Almanya Türk Toplumu Eş Başkanı Gökay Sofuoğlu
Türkiye-Almanya ilişkilerinin önemli aktörüydü. Reuter’in ölümü konusunda DW Türkçe’ye konuşan Almanya Türk Toplumu Eş Başkanı Gökay Sofuoğlu, “Reuter Cumhuriyet sonrasının en yakın şahitlerinden, Türk-Alman dostluğunun tüm zorluklara rağmen hep kararlı savunucusuydu. Reuter’in ölümü, bir dönemle ilgili bir nevi tarihi belgenin de yok olması anlamına geliyor” dedi.
Almanya-Türkiye Parlamentolar Arası Dostluk Grubu Sözcüsü ve Sosyal Demokrat Parti (SPD) Federal Meclis Milletvekili Macit Karaahmetoğlu da “Edzard Reuter bir başkasının olmadığı kadar halklar arası anlayışı temsil eden bir isimdi.
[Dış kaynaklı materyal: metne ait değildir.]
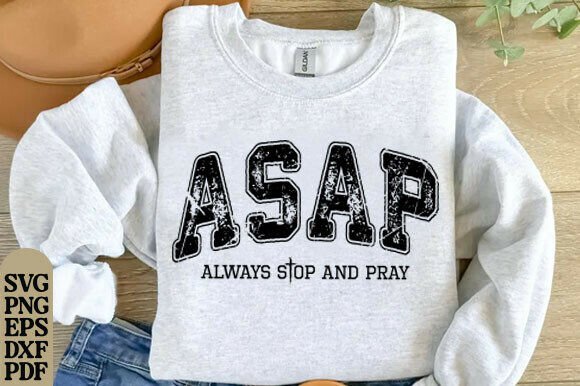 Retro Asap Always Stop and Pray Svg PNG Graphics for T-Shirt Designs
Çocukluğu ve gençliği Türkiye’de sürgünde geçen Reuter, Türkiye’de ikinci bir vatan buldu ve o vatanı hayatının sonuna kadar da kalbinde taşıdı” ifadelerini kullandı.
“Reuter’in yaptığı konuşmalar veya çocukluk ve gençlik anılarını anlattığı söyleşileri dinlemek ve okumak hep insanın kalbini ısıttı” diyen Karaahmetoğlu, mesele Türkiye’nin bugün içinde bulunduğu olumsuz siyasi koşullar olduğunda ise hep eleştirel ve özgür bir bakışa sahip olduğunun altını çizdi. Karaahmetoğlu’na göre Reuter’in yol arkadaşları ve çevresindeki insanlar, onun biçimlenmesinde büyük rol oynadığı başkent Berlin ve Türk-Alman toplumu daha uzun yıllar ona anma ve saygı duymaya devam edecek.